Boris Smus

interaction engineering

The Road by Cormac McCarthy

Somehow I am just now reading Cormac McCarthy for the first time. Thanks for the recommendation, M!

Incredible descriptions. Long beautifully flowing sentences and great vocabulary. I find myself looking up new words every few pages, and it feels nice to be reading literature again. The style is interesting too, with uniquely applied passive dialogs that I found very distinct.

Perhaps reading this serious dystopia at a particularly dystopian feeling time wasn’t the best call. Although short, it took me a while to finish, spacing my consumption apart, to avoid overdosing on doom and gloom.

The apocalyptic scenario was well done and mysterious. What happened to humanity to cause such a scenario? Half way, it’s unclear if that will actually be revealed or not. By the end of the book, somehow it doesn’t matter. The world sucks you in. It is what it is, and humanity persists.

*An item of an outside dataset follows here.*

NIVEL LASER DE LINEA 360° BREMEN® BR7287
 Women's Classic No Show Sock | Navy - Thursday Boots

Parts of this book reminded me of an interactive fiction, or a role playing game, especially the constant search for loot, rummaging through abandoned barns, copious amounts of useless, broken rakes.

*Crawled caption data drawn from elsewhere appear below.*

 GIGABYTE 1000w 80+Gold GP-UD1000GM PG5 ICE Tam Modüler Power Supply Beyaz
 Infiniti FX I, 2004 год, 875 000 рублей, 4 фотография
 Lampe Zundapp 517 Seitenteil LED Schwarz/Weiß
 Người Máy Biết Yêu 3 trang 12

And yet so dark, so biblical.

do you think that your fathers are watching? That they weigh you in their ledger books? Against what? There is no book and your fathers are dead in the ground

At the core of this book is the father son dynamic between the anonymous man and anonymous boy. It is deeply touching. Oh man, how incredibly sad that last scene is, even though you can see it coming for miles. I spent a good amount of time shedding tears, so surely this is a great work.